BANK OF NEW YORK, etc. v. ANDREW CALLOWAY

CourtDistrict Court of Appeal of Florida
DecidedJuly 15, 2020
Docket19-0584
StatusPublished

This text of BANK OF NEW YORK, etc. v. ANDREW CALLOWAY (BANK OF NEW YORK, etc. v. ANDREW CALLOWAY) is published on Counsel Stack Legal Research, covering District Court of Appeal of Florida primary law. Counsel Stack provides free access to over 12 million legal documents including statutes, case law, regulations, and constitutions.

Bluebook
BANK OF NEW YORK, etc. v. ANDREW CALLOWAY, (Fla. Ct. App. 2020).

Opinion

DISTRICT COURT OF APPEAL OF THE STATE OF FLORIDA FOURTH DISTRICT

BANK OF NEW YORK AS TRUSTEE FOR THE NOTEHOLDERS CWABS INC. ASSETBACKED NOTES, SERIES 2006-SD4006-SD4, Appellant,

v.

ANDREW CALLOWAY, UNKNOWN SPOUSE OF ANDREW CALLOWAY, TENANT #1, TENANT #2, TENANT #3, TENANT #4, and LAUREL HILLS NEIGHBORHOOD ASSOCIATION INCORPORATED DISSOLVED, Appellees.

No. 4D19-584

[July 15, 2020]

Appeal from the Circuit Court for the Fifteenth Judicial Circuit, Palm Beach County; Edward L. Artau, Judge; L.T. Case No. 502008CA004784XXXXMB.
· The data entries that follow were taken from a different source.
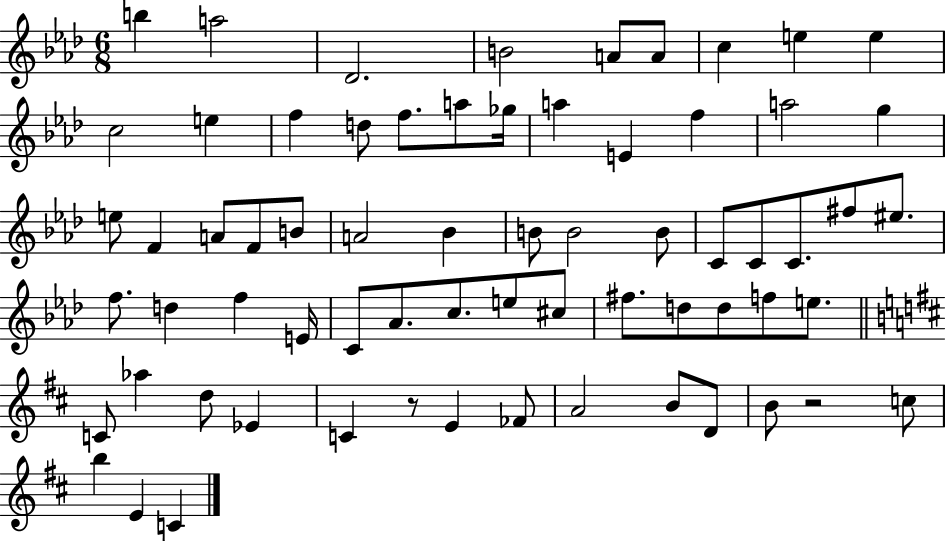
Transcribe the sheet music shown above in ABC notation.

X:1
T:Untitled
M:6/8
L:1/4
K:Ab
b a2 _D2 B2 A/2 A/2 c e e c2 e f d/2 f/2 a/2 _g/4 a E f a2 g e/2 F A/2 F/2 B/2 A2 _B B/2 B2 B/2 C/2 C/2 C/2 ^f/2 ^e/2 f/2 d f E/4 C/2 _A/2 c/2 e/2 ^c/2 ^f/2 d/2 d/2 f/2 e/2 C/2 _a d/2 _E C z/2 E _F/2 A2 B/2 D/2 B/2 z2 c/2 b E C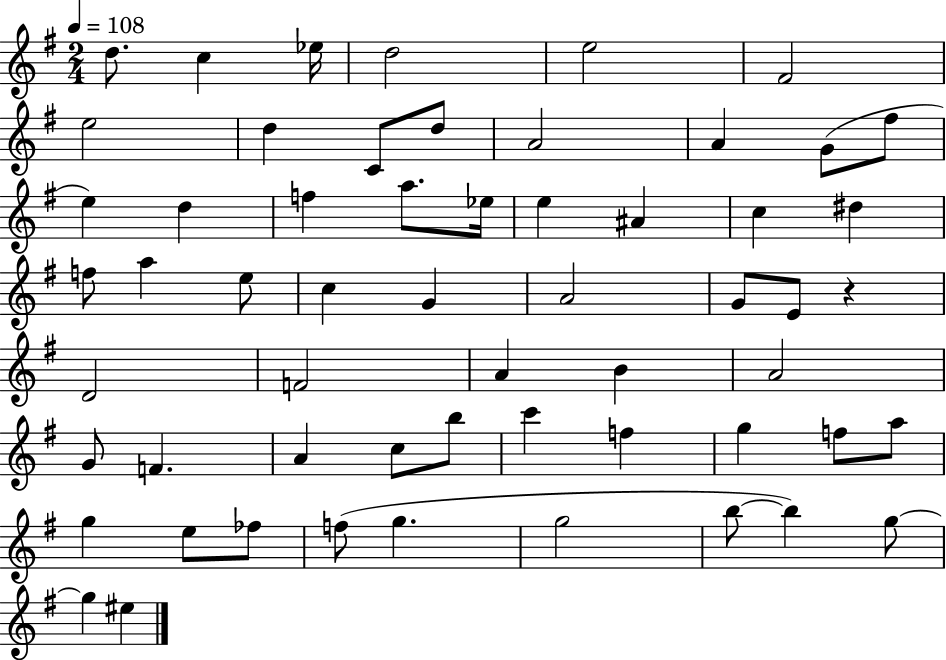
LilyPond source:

{
  \clef treble
  \numericTimeSignature
  \time 2/4
  \key g \major
  \tempo 4 = 108
  \repeat volta 2 { d''8. c''4 ees''16 | d''2 | e''2 | fis'2 | \break e''2 | d''4 c'8 d''8 | a'2 | a'4 g'8( fis''8 | \break e''4) d''4 | f''4 a''8. ees''16 | e''4 ais'4 | c''4 dis''4 | \break f''8 a''4 e''8 | c''4 g'4 | a'2 | g'8 e'8 r4 | \break d'2 | f'2 | a'4 b'4 | a'2 | \break g'8 f'4. | a'4 c''8 b''8 | c'''4 f''4 | g''4 f''8 a''8 | \break g''4 e''8 fes''8 | f''8( g''4. | g''2 | b''8~~ b''4) g''8~~ | \break g''4 eis''4 | } \bar "|."
}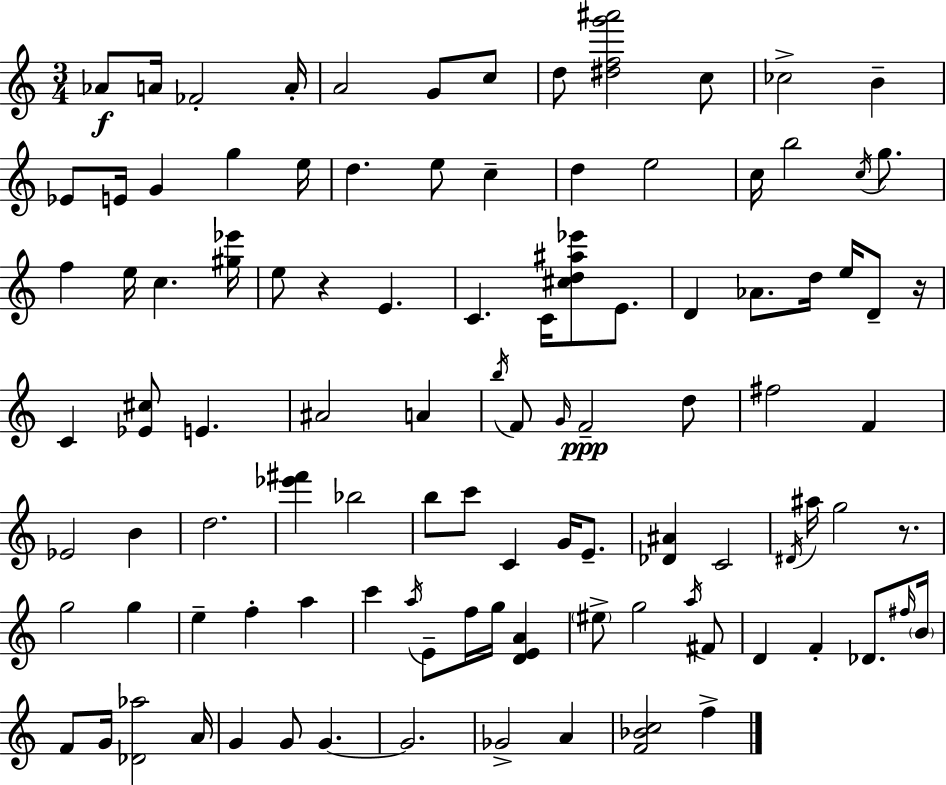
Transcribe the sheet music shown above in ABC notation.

X:1
T:Untitled
M:3/4
L:1/4
K:C
_A/2 A/4 _F2 A/4 A2 G/2 c/2 d/2 [^dfg'^a']2 c/2 _c2 B _E/2 E/4 G g e/4 d e/2 c d e2 c/4 b2 c/4 g/2 f e/4 c [^g_e']/4 e/2 z E C C/4 [^cd^a_e']/2 E/2 D _A/2 d/4 e/4 D/2 z/4 C [_E^c]/2 E ^A2 A b/4 F/2 G/4 F2 d/2 ^f2 F _E2 B d2 [_e'^f'] _b2 b/2 c'/2 C G/4 E/2 [_D^A] C2 ^D/4 ^a/4 g2 z/2 g2 g e f a c' a/4 E/2 f/4 g/4 [DEA] ^e/2 g2 a/4 ^F/2 D F _D/2 ^f/4 B/4 F/2 G/4 [_D_a]2 A/4 G G/2 G G2 _G2 A [F_Bc]2 f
Brian A. Wahl of Bradley Arant Boult Cummings LLP, Birmingham, Alabama, for appellant.

Geoffrey E. Sherman and Roy D. Oppenheim of Oppenheim Pilelsky, P.A., Weston, for appellee Andrew Calloway.

KUNTZ, J.

Bank of New York, as Trustee for the Noteholders CWABS Inc. Assetbacked Notes, Series 2006-SD4006-SD4, appeals the circuit court’s order finding the Bank of New York lacked standing and granting involuntary dismissal. We reverse.

Background

Andrew Calloway signed a note and mortgage, borrowing money from USMoney Source, Inc., d/b/a Soluna First. USMoney, the original lender, executed a blank endorsement on an allonge to the note. The endorsement referenced the borrower, loan number, and the date it was signed.

The allonge also contained two other endorsements. First, an officer of Countrywide Bank, N.A. endorsed the note in favor of Countrywide Home Loans, Inc. Then, an officer of Countrywide Home Loans, Inc. endorsed the note in blank. Neither Countrywide endorsement was dated.

After the original lender endorsed the note in blank, several parties— CWABS, Inc., the CWABS Asset-Backed Notes Trust 2006-SD4, Countrywide Home Loans, Countrywide Home Loans Servicing LP, and Bank of New York—entered into a pooling and servicing agreement (“PSA”). Under this PSA, Countrywide Home Loans, Inc. conveyed the mortgage loans identified as covered by the PSA to CWABS, which then sold the subject loans to the CWABS Asset-Backed Notes Trust 2006-SD4. Within the PSA, Countrywide Home Loans and CWABS affirmed that they had the original note for each note listed and that each note would be endorsed in blank.

The list of loans attached to the PSA specifically included Calloway’s loan.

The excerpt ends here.